>>
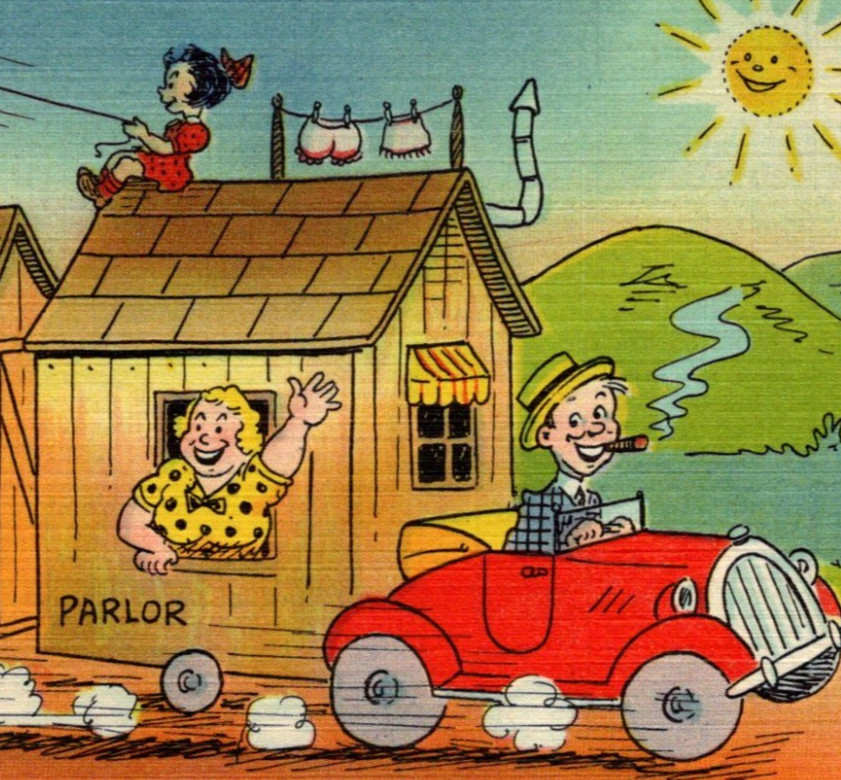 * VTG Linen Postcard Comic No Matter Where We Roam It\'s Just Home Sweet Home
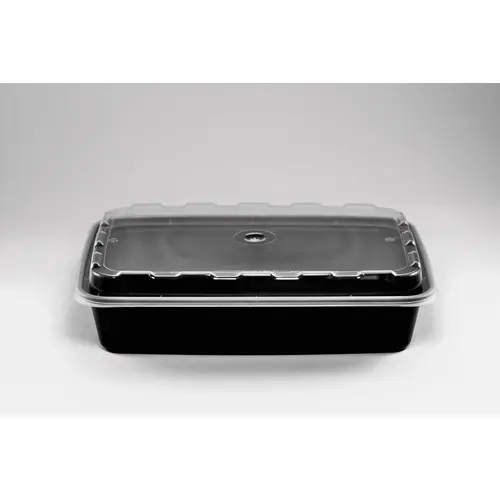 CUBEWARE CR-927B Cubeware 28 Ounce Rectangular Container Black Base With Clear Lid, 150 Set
<<
>>
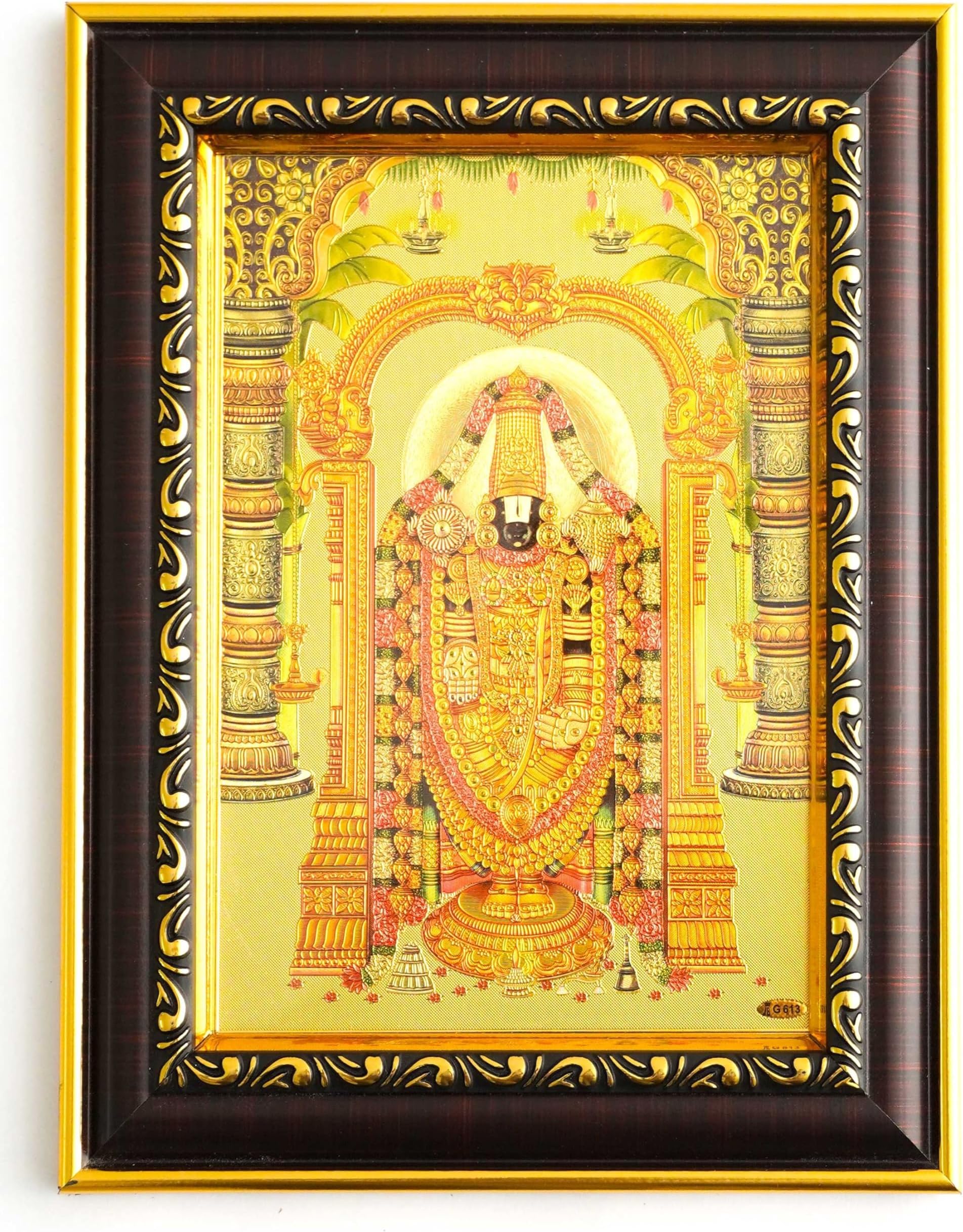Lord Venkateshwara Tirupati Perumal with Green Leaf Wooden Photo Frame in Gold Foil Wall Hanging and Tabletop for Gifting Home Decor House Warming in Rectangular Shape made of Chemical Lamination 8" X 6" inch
<<
Starting at the line above that has "Home Sweet Home" and ending at the line that has "CUBEWARE CR-927B Cubeware", copy each line exactly, leaving the pictures out and adding nothing.

## COMPLETED TASK
 * VTG Linen Postcard Comic No Matter Where We Roam It\'s Just Home Sweet Home
 CUBEWARE CR-927B Cubeware 28 Ounce Rectangular Container Black Base With Clear Lid, 150 Set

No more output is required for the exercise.